Valuation of intangibles is a genuinely difficult area. Start by considering the following fundamental points:

  • What is being paid for?
  • Is it likely that these things would be paid for at arm’s length?
  • How much would an independent pay?
  • How does the amount of the payment affect the level of profits enjoyed by each party?
  • Would the level of profits accruing in each party be seen between independents?
  • Is the company paying for something it has helped to create in the first place?


Consider a few examples of different types of intangibles and expenditure that may create an intangible that an independent would or would not be prepared to pay to use:

  1. A patent which will provide the exclusive right to exploit a particular process or invention for a set period, such as a revolutionary new drug with no competitors. During the period of patent protection the company can market the product in the knowledge that there may be no direct competitor in key markets. The company can both generate volume of sales and may be able to charge a high price.
  2. A large multinational with a number of retail stores in a number of countries sets up a subsidiary in the UK (where there was no presence previously), which then establishes retail stores across the country. The group sells a small range of its own products, but in the main sells branded goods. The parent charges the subsidiary a royalty for using the group name. At arm’s length a company is not going to pay for the use of a name that has no or very little recognition in the UK.
  3. A new bespoke computer system for a group helps streamline and rationalise business activities. While it might deliver tangible benefits to members of the group, the expenditure doesn’t necessarily create an intangible asset that an independent would pay a royalty for. A recharge of the costs of commissioning the system from the (independent) contractor would be more appropriate.
  4. A company engages a firm of consultants to advise on establishing an overall theme and set of values by which the company and its employees will operate, both internally and with its customers. While this may have some indirect benefits it would be very difficult to try to identify or put a value on any intangibles created. Would a third party pay for any such intangibles?
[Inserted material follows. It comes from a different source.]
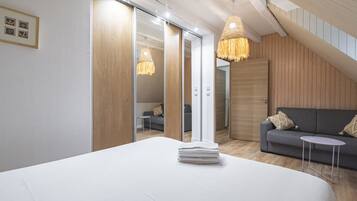 6 sovevĂŠrelser, skrivebord, strygejern/strygebrĂŠt, weekendseng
There will be situations where although an intangible may be identified, it is very unlikely that anyone would want to pay for it. Alternatively, part of the group may own intangibles that are so key to the business that they would not be licensed or, if they were to be licensed out at arm’s length, the form of the license would be markedly different. As recognised by the OECD Guidelines (paragraph 6.10) the identification of an intangible is separate and distinct from the price for the use or transfer of that intangible.


Particular comparability factors for intangibles


As with any consideration of the transfer pricing of transactions between associated parties, a comparability analysis which identifies the economically significant circumstances and characteristics is essential when considering a transaction involving intangibles.


Factors which are likely to be particularly relevant with regard to intangibles transactions are detailed at paragraphs 6.116 et seq of the Guidelines and include:

  • exclusivity
  • the extent and duration of legal protection
  • the geographic scope
  • the useful life
  • the stage of development


of the rights granted or transferred, plus:

  • rights to future enhancements, revisions and updates of the intangibles in question
  • the (reasonable) anticipated future benefits to be derived from use of the rights in question.


What is the value of the business name?


Charges for the use of a business name may sometimes be seen. Guidance on this issue is provided at paragraphs 6.81 to 6.85 of the Guidelines.


The questions to be asked in considering determining whether a payment would be made at arm’s length and the amount that would be paid are:

  1. which group member(s) owns and controls the trade mark, trade name and associated intangibles such as goodwill or reputation
  2. the extent of any financial benefit to other group members deriving from use of those intangibles.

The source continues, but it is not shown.